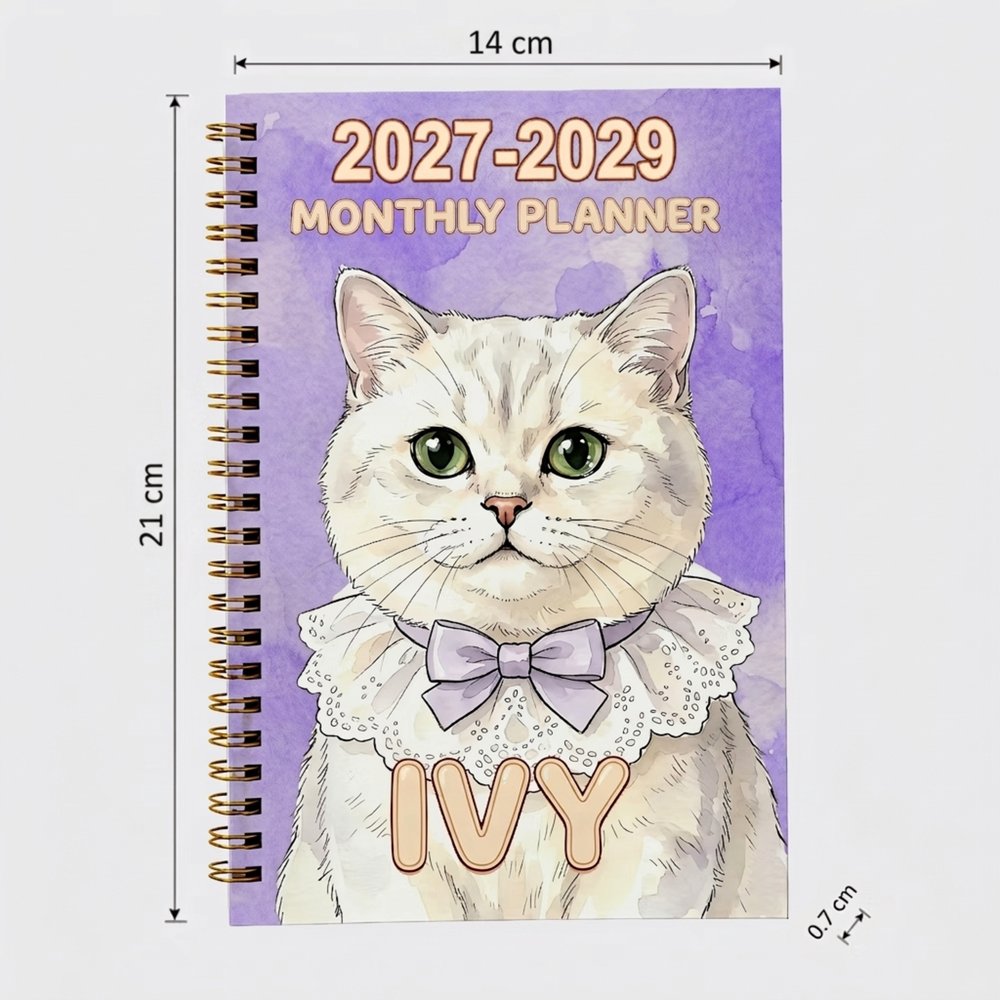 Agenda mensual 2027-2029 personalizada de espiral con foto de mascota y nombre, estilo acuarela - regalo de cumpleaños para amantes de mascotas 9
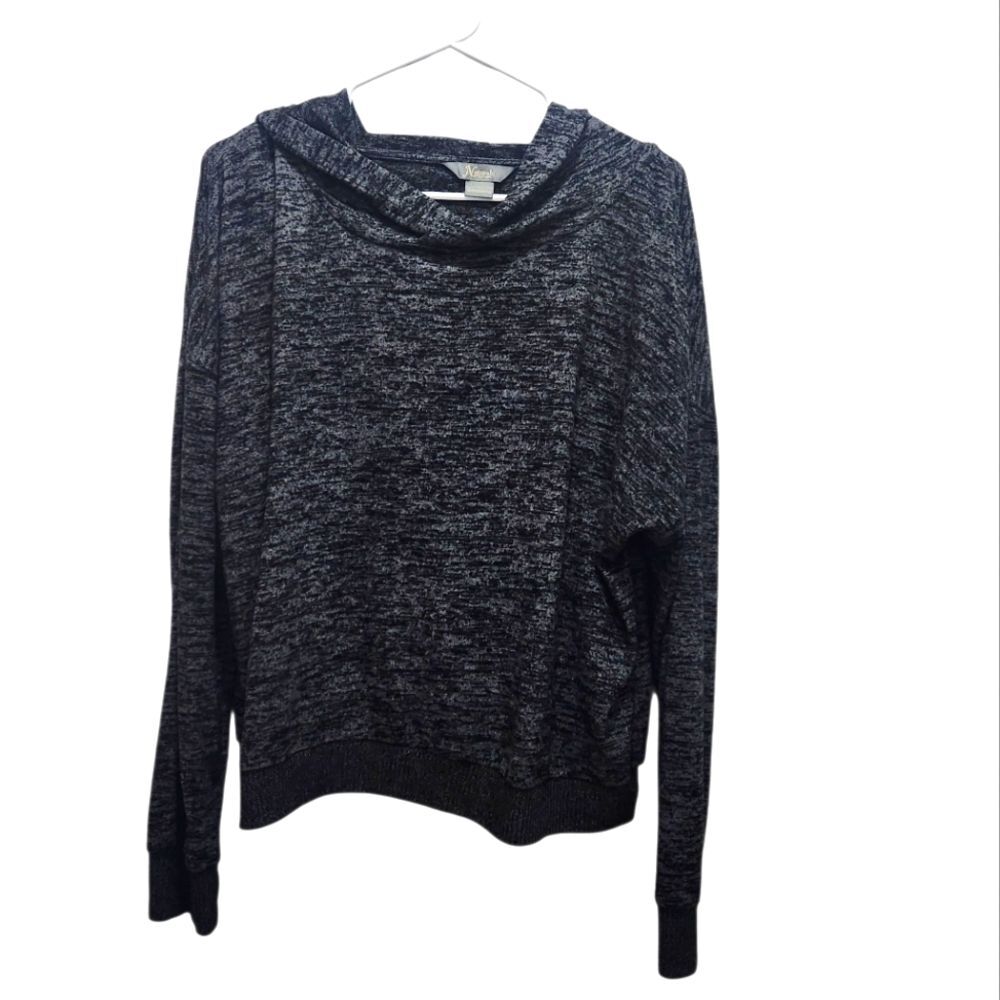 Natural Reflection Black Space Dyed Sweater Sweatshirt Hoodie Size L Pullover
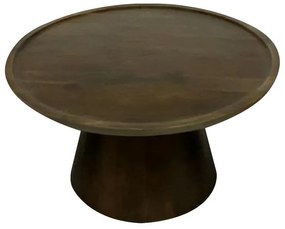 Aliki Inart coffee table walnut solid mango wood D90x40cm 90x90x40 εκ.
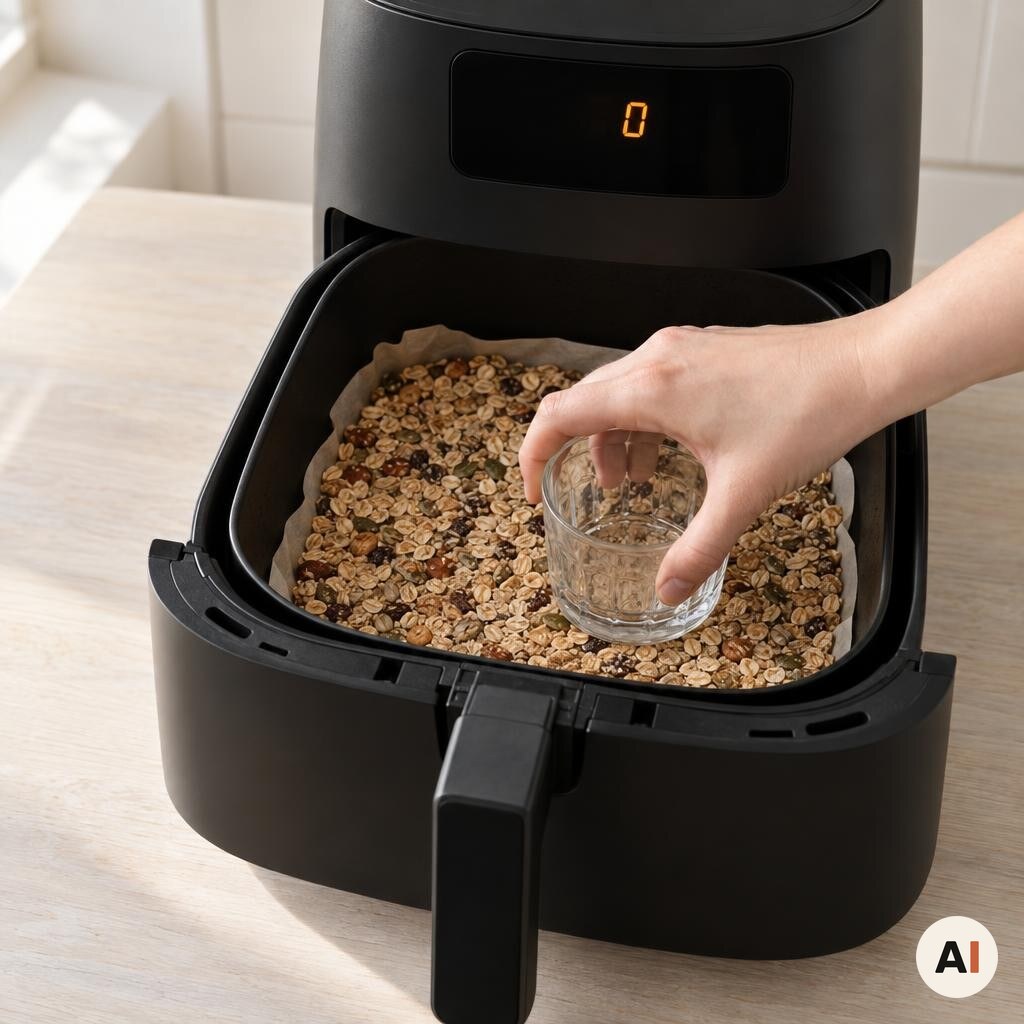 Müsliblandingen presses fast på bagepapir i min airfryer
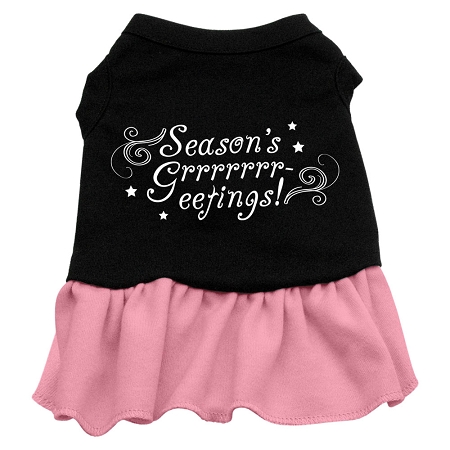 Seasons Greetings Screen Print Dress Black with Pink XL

___

▶ **To do**
Return all of the records above exactly as written. Omit each picture.

▶ **Result of the task**
 Agenda mensual 2027-2029 personalizada de espiral con foto de mascota y nombre, estilo acuarela - regalo de cumpleaños para amantes de mascotas 9
 Natural Reflection Black Space Dyed Sweater Sweatshirt Hoodie Size L Pullover
 Aliki Inart coffee table walnut solid mango wood D90x40cm 90x90x40 εκ.
 Müsliblandingen presses fast på bagepapir i min airfryer
 Seasons Greetings Screen Print Dress Black with Pink XL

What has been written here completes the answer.